>>>
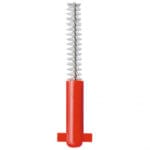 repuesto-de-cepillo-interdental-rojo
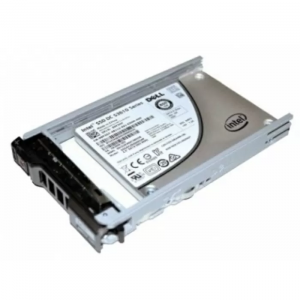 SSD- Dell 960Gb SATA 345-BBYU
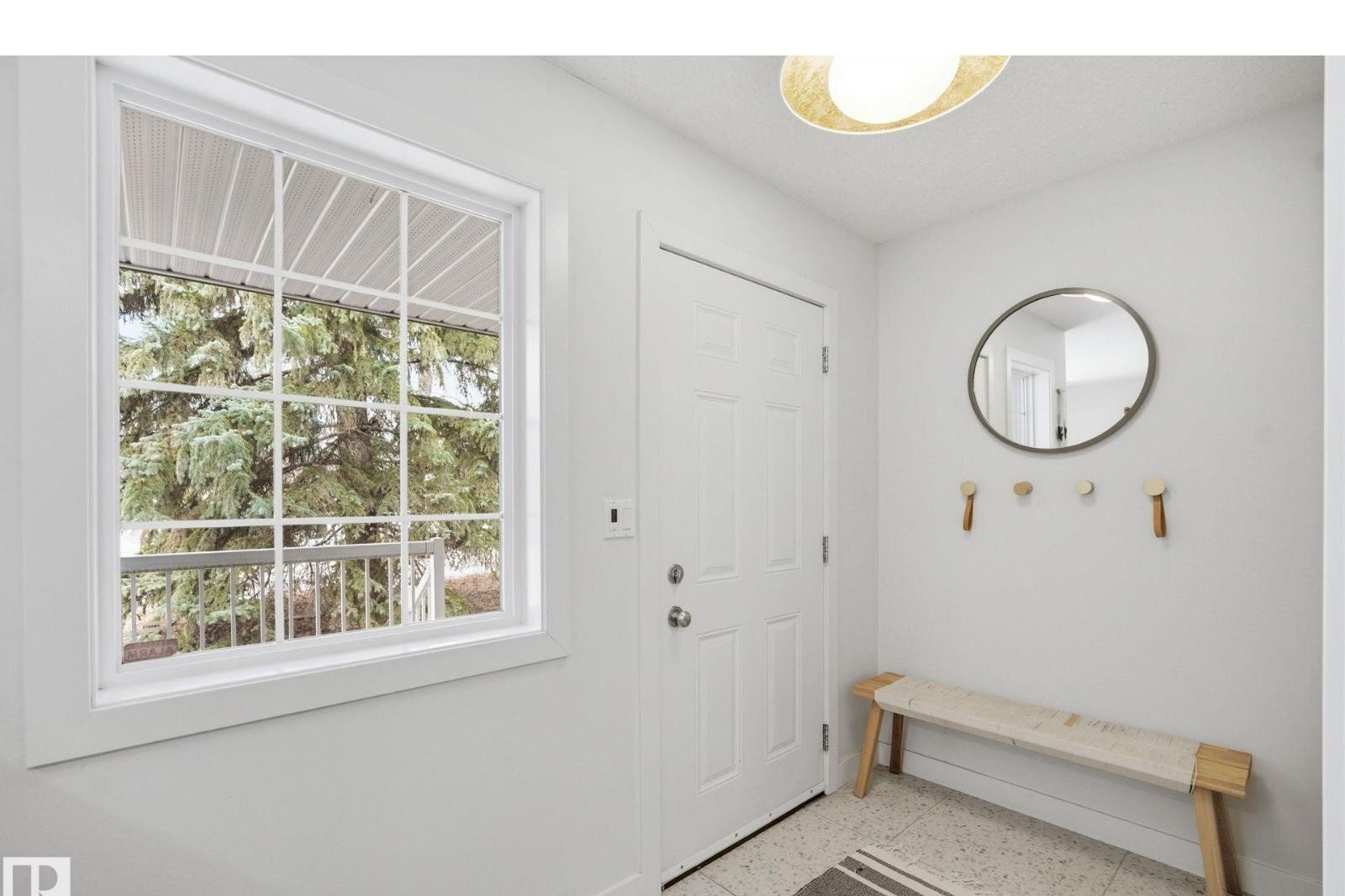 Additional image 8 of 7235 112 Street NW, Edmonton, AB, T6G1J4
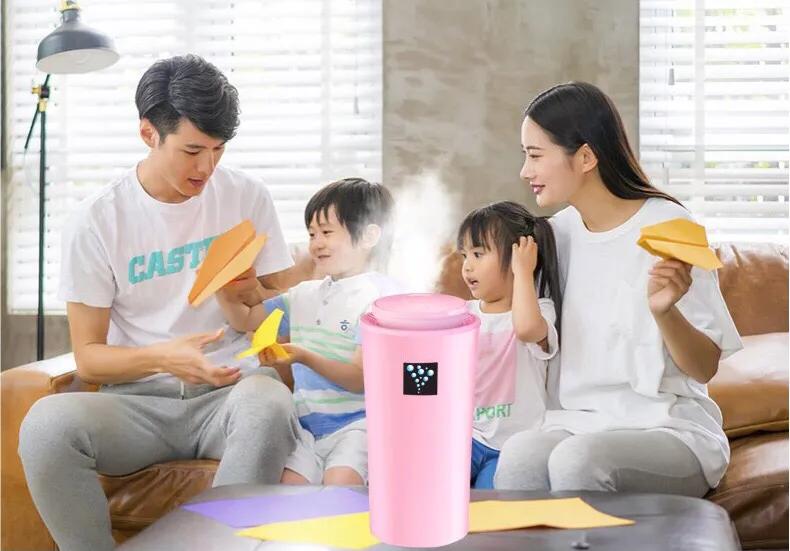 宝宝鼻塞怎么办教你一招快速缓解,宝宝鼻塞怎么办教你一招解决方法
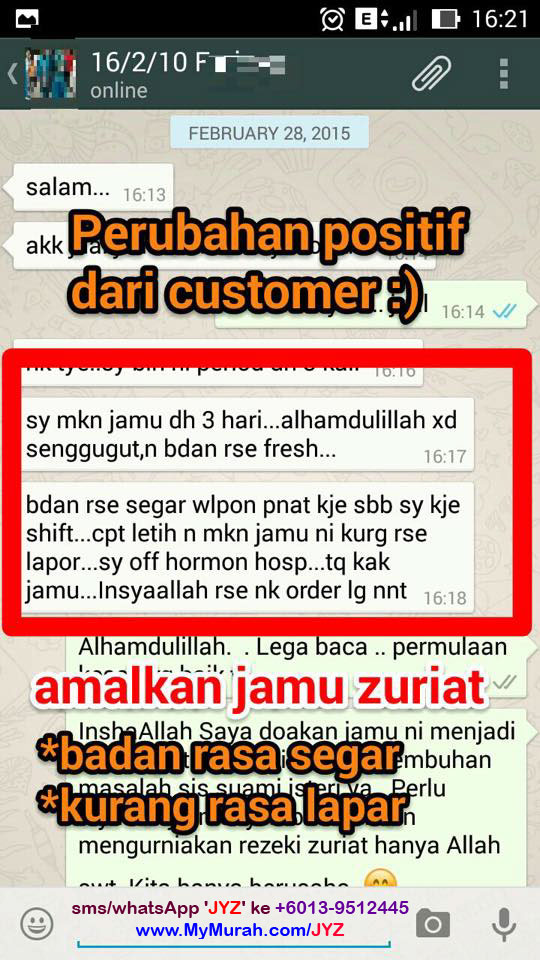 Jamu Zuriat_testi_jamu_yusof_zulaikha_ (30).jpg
<<<
_ABOUT THIS EXERCISE_: Copy only the lines running from the one that holds "宝宝鼻塞怎么办教你一招快速缓解,宝宝鼻塞怎么办教你一招解决方法" through the last line of the data, and include both of those lines. Do not copy any pictures.

_ANSWER SECTION_:
 宝宝鼻塞怎么办教你一招快速缓解,宝宝鼻塞怎么办教你一招解决方法
 Jamu Zuriat_testi_jamu_yusof_zulaikha_ (30).jpg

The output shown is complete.